II – O custo da licença é uma taxa e não um imposto”.

No caso dos autos, porém, a contrapartida das taxas liquidadas é a utilização do domínio público municipal.

Aliás, chamado a pronunciar-se sobre esta matéria, o Tribunal Constitucional disse:
“Com efeito, assente que o tributo em causa corresponde a uma taxa, haverá que ter em conta que a natureza retributiva que caracteriza a taxa impõe que o respectivo valor seja calculado em função do custo do serviço prestado, ou do valor das "utilidades proporcionadas". É este, portanto, o limite do seu quantitativo.
(cfr. Ac.

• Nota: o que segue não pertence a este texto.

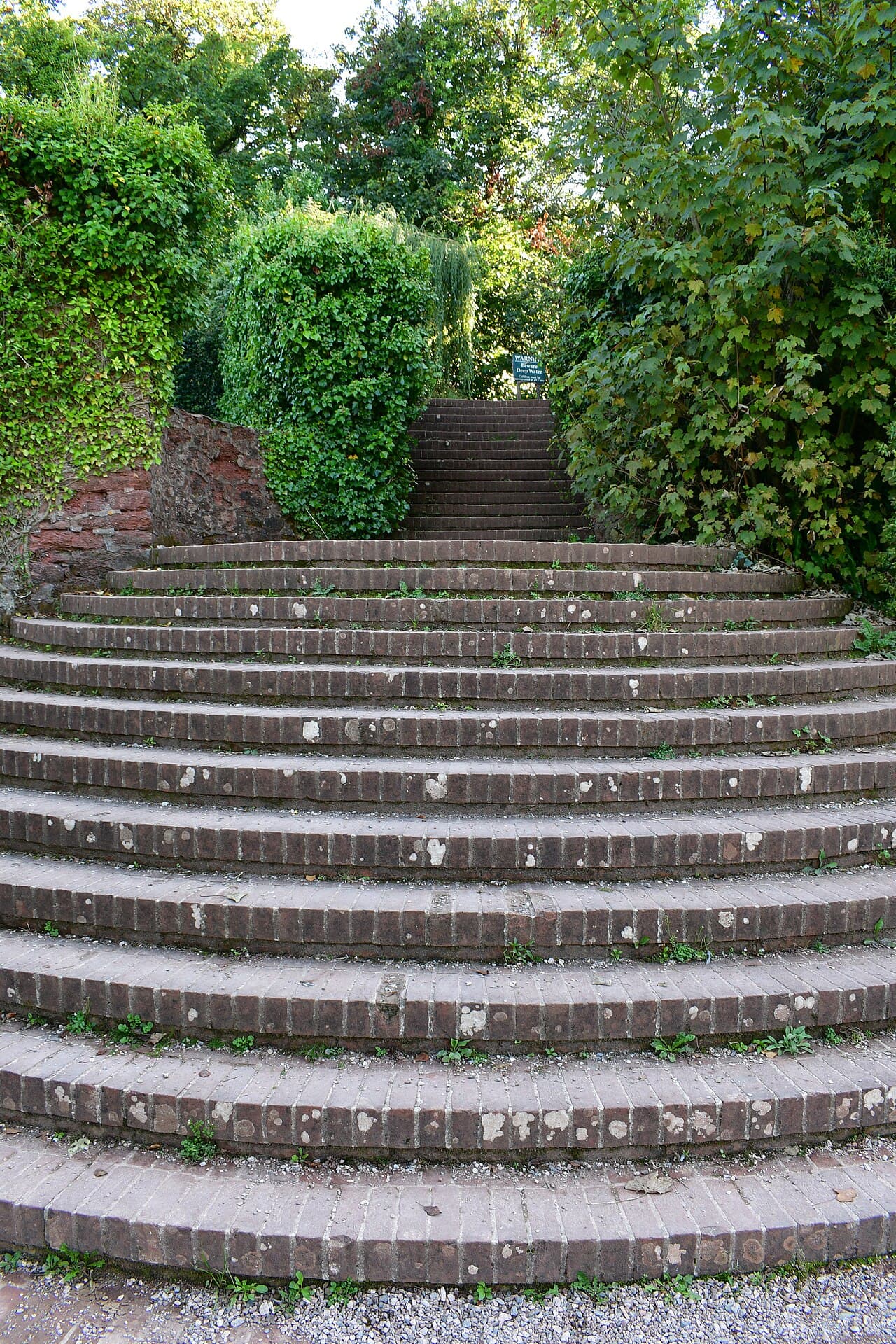 Cockington Country Park - Image 3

TC nº 396/2006, de 28/06/2006, Processo 224/06).

Assim, as quantias exigidas pela CMB não podem deixar de ser qualificadas como taxas, não sendo as liquidações em causa ilegais por tal motivo.

5 – Carece de fundamento a interpretação que a recorrente faz do disposto na alínea c) do artigo 20º da Lei que aprovou o Orçamento de Estado para 2005. Com efeito, conforme já acima se deixou dito, de acordo com a LFL (artigo 11º, alínea b) e c) da Lei 1/87, de 6 de Janeiro e 19º, alínea b) e c) da Lei 42/98, de 6 de Agosto, este vigente à data da liquidação das taxas em causa), os Municípios podem cobrar taxas por concessão de licenças de ocupação da via pública por motivo de obras e por ocupação (ou utilização do solo, subsolo ou espaço aéreo) do domínio público municipal.

6 – Em conclusão, entendendo que sentença recorrida não merece qualquer censura, emito parecer no sentido de ser negado provimento ao recurso, mantendo-se a sentença recorrida nos seus precisos termos.